I grew up on a beach in Florida.  As a child, the idea of the far north always fascinated me. I loved reindeer and Santa Claus.  Snow was something from the movies, not real life.  My birthday cake on my 6th birthday donned three trolls.  My favorite part of Disney World was Epcot’s Norway.

So for me, the chance to spend a winter week in the arctic circle was like a childhood dream come true.

Tromsø, Norway, is a long way away.  It takes all 24 hours to get there on a good day.  On bad days - like our travel through New York, Paris and Oslo last week - it takes closer to 32 hours.  You leave home in the dark, you arrive in the dark and wake in the dark.  Sunshine is rare in the winter and snow is expected.

We were meeting friends up there.  Leigh Birch, a Brit who now lives in California. Dionys Moser, a Swiss photographer and tour guide.  Raymond Hoffman, a German photographer who lives in Sweden with his Icelandic wife.  Pascal Richard a native of France who runs Professional Services for Nikon Switzerland.  We were all there to see the Northern Lights.

Tromsø is considered one of the best places in the world to see the Aurora Borealis.
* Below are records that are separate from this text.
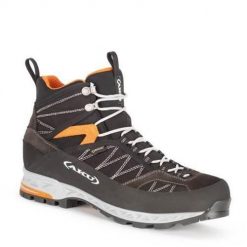 Buty trekkingowe męskie Aku Tengu Lite Gtx. Brązowe trekkingi męskie Aku, za kostkę, trekkingowe. Za 1,041.00 zł.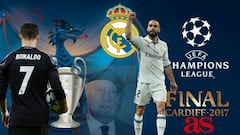 Real Madrid Champions League final news: Cristiano, Carvajal, Santiago Bernabéu
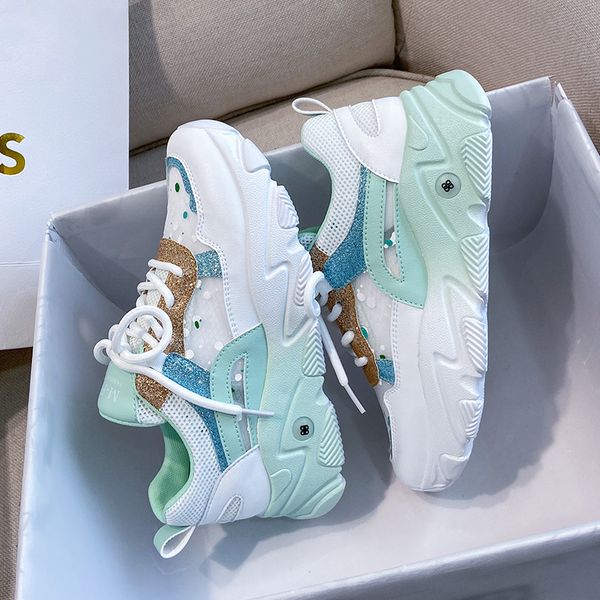 women fashion sneakers platform lace up casual shoes woman bling designers mesh tennis female walking trainers chunky sneaker 1020, Black;white
women fashion sneakers platform lace up casual shoes woman bling designers mesh tennis female walking trainers chunky sneaker 1020, Black;white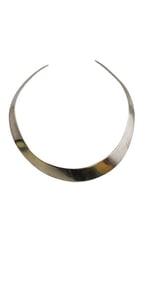 VINTAGE STERLING COLLAR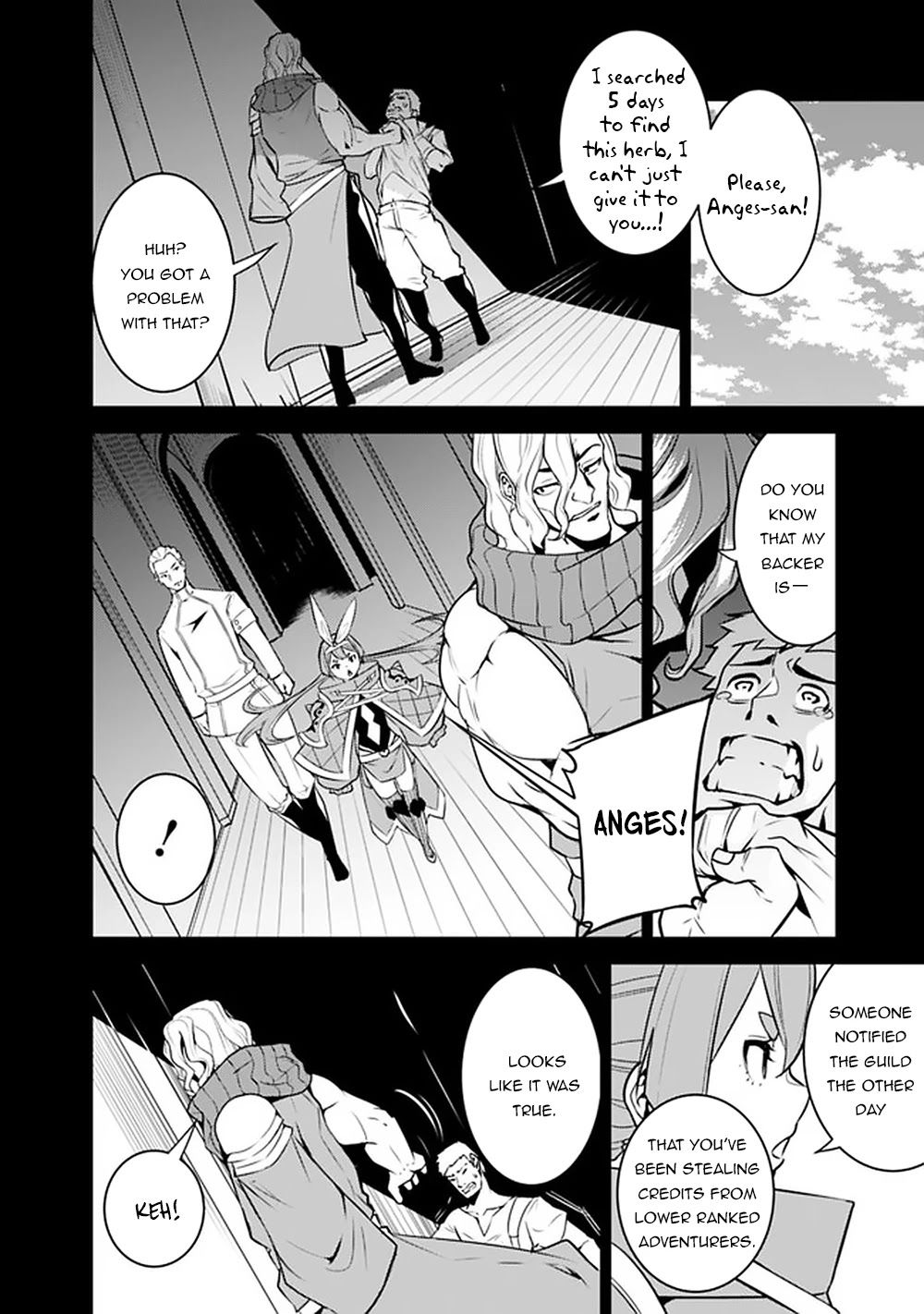 The Strongest Magical Swordsman Ever Reborn as an F-Rank Adventurer. chapter 43 page 13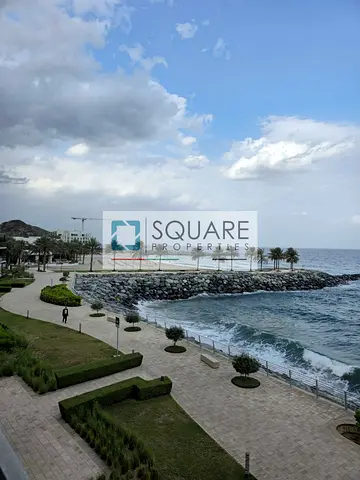 LUXURY 3BHK FULLY FURNISHED- FRONT SEA VIEW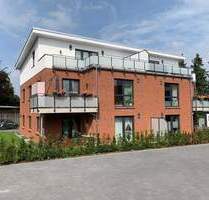 Moderne EG-Wohnung mit Garten in Stelle!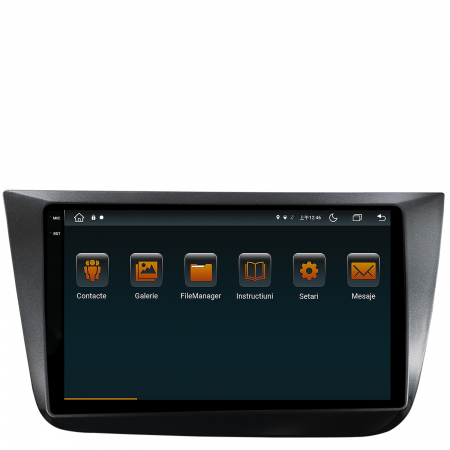 Navigatie Android 13 Seat Altea / Toledo 4GB | AutoDrop.ro [4]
But going to Tromsø doesn’t guarantee a northern light sighting.  When we first arrived, our chances to see the lights appeared dismal.  Clouds were predicted every night and the amount of solar activity was uncertain.

Instead of counting on the night to make our images, we took advantage of the day.  Bill, Leigh and I got up early one morning to watch the sun rise over a fjord.  Norway’s landscape is frequently hidden behind clouds and snow, but on a clear day it is breathtaking, almost unbelievable.  We used a D800 with a 14-24mm f/2.8 along with a Lee Kit-SW150 Super Wide Filter Holder.

We drove down icy roads with the heat cranked in the car.  We told stories and listened to American music on Norwegian radio.

We returned to Tromsø in time for a late breakfast and a nap.  We woke to the phone ringing.  Raymond was calling and he was excited.  The weather had changed.  The clouds would part.

We left the hotel at 5:30 p.m. so we would be out of the city lights by sundown.  At 7 p.m., with our tripods set and the intervalometers running, Raymond pointed to a small streak in the sky.  The light show was about to start.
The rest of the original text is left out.